Computable in $\omega$-REA degree but not double jump of finitely many columns

Question

Suppose that $A$ is an $\omega$-REA set (so $A^{[n]}$ is r.e. in the prior columns). It is a well-known result that if each column of $A$ is computable then $A \leq_T \emptyset^2$ ($\emptyset^2$ can recover the computable index for each column from indices of prior columns and thus compute $A$).

A suggestive way to reformulate this statement is that, if each column in $A$ is computable and $(A^{[\leq n]})'' \ngeq_T X$ for all $n$ then $A \ngeq_T X$. Now you might hope to drop the requirement that the columns in $A$ be computable but this is trivially counterexampled by $\emptyset^\omega$. But what if we restrict $X$ to be $n$-REA in addition to dropping the requirement of computable columns?

I hypothesize the following, which would imply the result.

Hypothesis: If $X$ is arithmetic, $(A^{[\leq n]})'' \ngeq_T X$ and $A$ is an $\omega$-REA set then there is an upper bound $D$ of the sequence $A^{[\leq n]}$ with $D'' \ngeq_T X$.

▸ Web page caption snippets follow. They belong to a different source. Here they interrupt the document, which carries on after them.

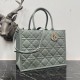 Replica Dior Book Tote Bag Media con Tracolla Macrocannage Grigio Riproduzione Fedele Dior Book Tote Bag Media con Tracolla Macrocannage Grigio imitazioni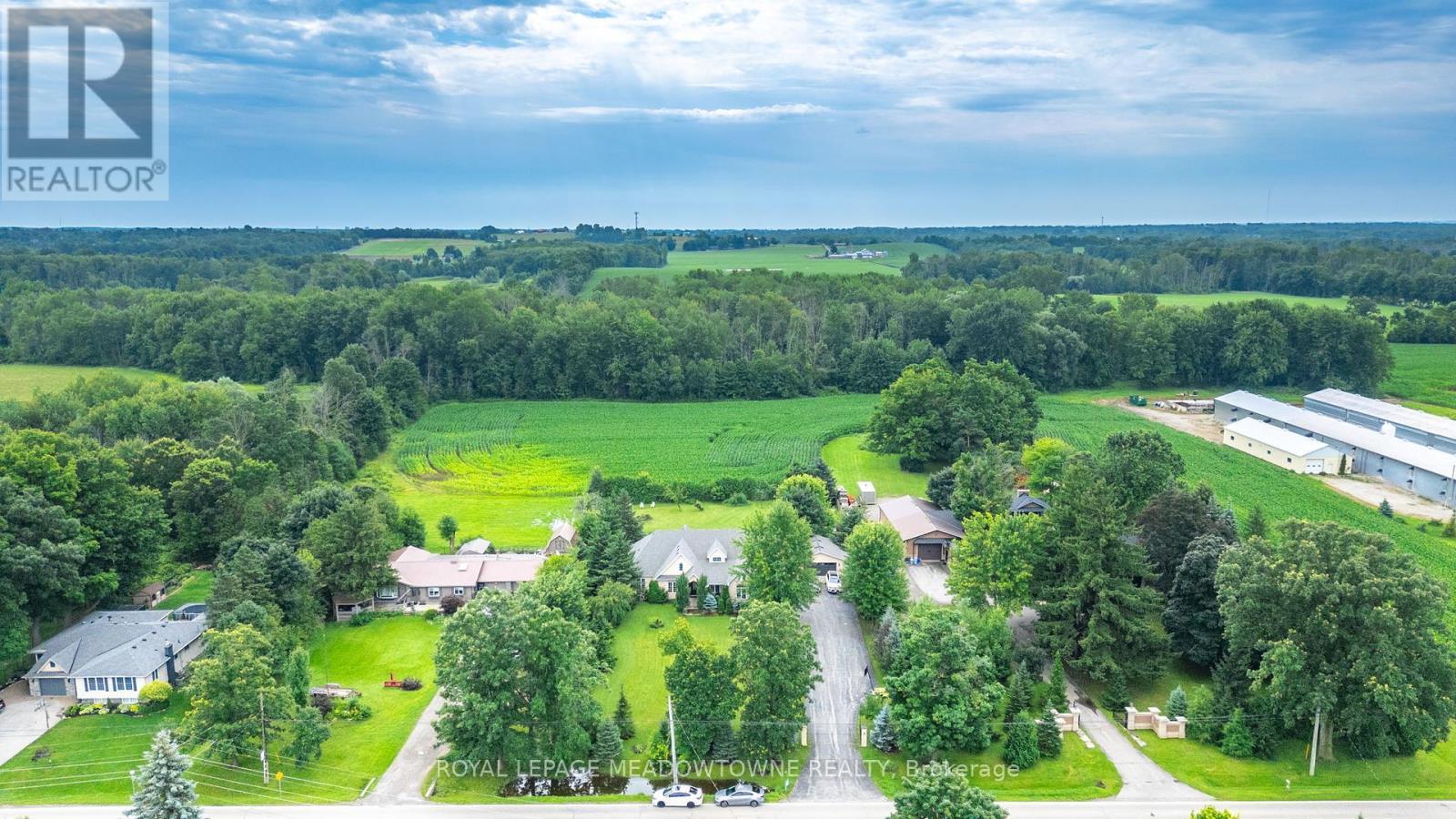 












128 CARLISLE ROAD

,
Hamilton,




Ontario
L8B0Z8

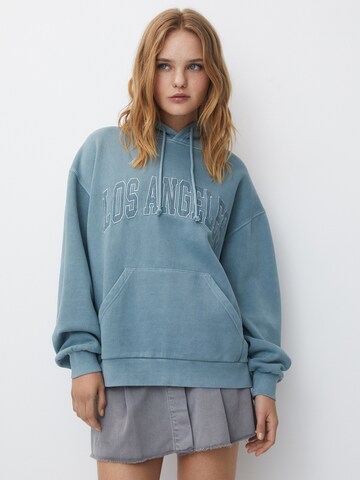 Sweat-shirt Pull&Bear en bleu : devant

The result would follow immediately since $D''$ can compute $A$ in the way mentioned at the start. However, I don't see any immediately obvious way to prove this or find a counterexample, so I figured I'd ask to see if there is something I'm missing. If the claim is either false generally or hard to answer I'd love to know if it's true for the simplest case where $X=\emptyset^3$.

Answer 1

Ok, so unfortunately the answer is no. I've attached a proof that builds a $\omega$-REA set such that $A^{[\leq n]}$ is low for all $n$ yet $A$ computes $\emptyset'' \oplus X$ where $X$ is a natural non-$\Delta^0_3$ set [1] r.e. in $\emptyset''$. The proof is a bit too long to attach as an image so here's a link to the pdf on my webserver

[1]: Specifically, $X$ disagrees with $\lim_{s \to \infty} \lim_{t \to \infty} p_e(e,s,t)$ when it exists, some $\emptyset''$ computable value when any of the component limits fail to exist and say 1 if all component limits exist but the double limit fails to exist. Easiest way to see this is really 3-REA is to note that for each $e$, $X(e)$ is built in a 3-REA fashion so just build whole thing by doing the construction column wise.